Originally, forests cloaked 57% of the land. Today their area is 31%. 420 million hectares of forest have been lost since 1990 and 10 million more are now lost each year.
Rates of deforestation are worst in Russia, Brazil, Canada, the USA and China. But the trend is not all one way: in Scandinavia, for example, the process of forest loss is being reversed with new plantings and restoration.
Deforestation (total loss) is not the only threat: thinning for timber, inroads by farming, fragmentation by roads and towns, pest invasions, wildfires and climate change also take a heavy toll of what remains. Forest loss is a primary driver of the 6th extinction.
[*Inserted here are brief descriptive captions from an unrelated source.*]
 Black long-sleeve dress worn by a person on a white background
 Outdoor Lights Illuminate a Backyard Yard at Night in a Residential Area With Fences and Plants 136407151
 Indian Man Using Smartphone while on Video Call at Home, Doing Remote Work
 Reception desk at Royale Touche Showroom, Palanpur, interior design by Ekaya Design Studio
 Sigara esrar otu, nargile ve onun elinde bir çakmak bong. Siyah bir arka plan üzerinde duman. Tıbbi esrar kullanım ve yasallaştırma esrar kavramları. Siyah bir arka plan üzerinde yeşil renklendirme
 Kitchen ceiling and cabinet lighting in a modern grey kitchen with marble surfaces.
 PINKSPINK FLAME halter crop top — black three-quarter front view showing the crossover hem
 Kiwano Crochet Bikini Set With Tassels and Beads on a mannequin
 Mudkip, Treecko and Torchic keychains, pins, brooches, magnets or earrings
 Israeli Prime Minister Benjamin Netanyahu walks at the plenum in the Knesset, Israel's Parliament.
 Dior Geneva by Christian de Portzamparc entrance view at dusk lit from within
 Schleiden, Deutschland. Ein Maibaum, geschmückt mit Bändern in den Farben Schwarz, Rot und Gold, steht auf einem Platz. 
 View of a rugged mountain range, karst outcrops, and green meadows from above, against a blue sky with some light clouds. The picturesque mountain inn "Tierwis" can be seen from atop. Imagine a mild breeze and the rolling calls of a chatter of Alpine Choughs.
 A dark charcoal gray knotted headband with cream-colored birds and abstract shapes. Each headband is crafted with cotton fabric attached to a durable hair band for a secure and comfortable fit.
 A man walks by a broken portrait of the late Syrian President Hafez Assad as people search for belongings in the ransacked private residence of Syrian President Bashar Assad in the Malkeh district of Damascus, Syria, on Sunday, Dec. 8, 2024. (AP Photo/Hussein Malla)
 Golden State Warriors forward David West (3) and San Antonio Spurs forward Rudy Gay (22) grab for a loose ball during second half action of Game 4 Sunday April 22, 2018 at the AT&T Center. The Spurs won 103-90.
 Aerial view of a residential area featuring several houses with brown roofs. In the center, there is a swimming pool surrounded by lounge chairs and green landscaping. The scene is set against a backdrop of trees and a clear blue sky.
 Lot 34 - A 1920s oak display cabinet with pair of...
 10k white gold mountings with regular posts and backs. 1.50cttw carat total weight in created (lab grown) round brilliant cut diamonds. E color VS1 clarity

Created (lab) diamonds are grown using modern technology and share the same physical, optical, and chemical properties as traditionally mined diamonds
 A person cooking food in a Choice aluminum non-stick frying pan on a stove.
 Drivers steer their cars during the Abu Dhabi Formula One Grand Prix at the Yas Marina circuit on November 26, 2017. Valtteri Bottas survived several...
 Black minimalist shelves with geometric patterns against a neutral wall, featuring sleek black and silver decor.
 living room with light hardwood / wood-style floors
Together these forces, propelled by insatiable human demands, are whitling away at the last remaining intact forests on Earth. Between 2000 and 2020, the area of intact forest fell by 1.55 million sq kms – a span the size of France, Germany and Spain combined.
Ominously, over this period, the annual rate of forest loss sped up, from an average of 7.1m ha between 2000-2013 to 9m ha from 2013-2020. The uncloaking of the Earth is closely observed by the unblinking eyes of a thousand satellites orbiting the planet.
In Brazil, the Amazon rainforest has dwindled in extent by 17%, losing over 800 million trees in the last two decades. While the plight of the Amazon is notorious, the fact that Brazil has already destroyed 85% of its huge eastern tropical rainforest, the Mata Atlantica, and fragmented the remains, is less well-known. The removal of the Brazilian forests has profound consequences for the drying of the entire South American continent, and for global climate change through the gradual destruction of the largest carbon sink on the planet.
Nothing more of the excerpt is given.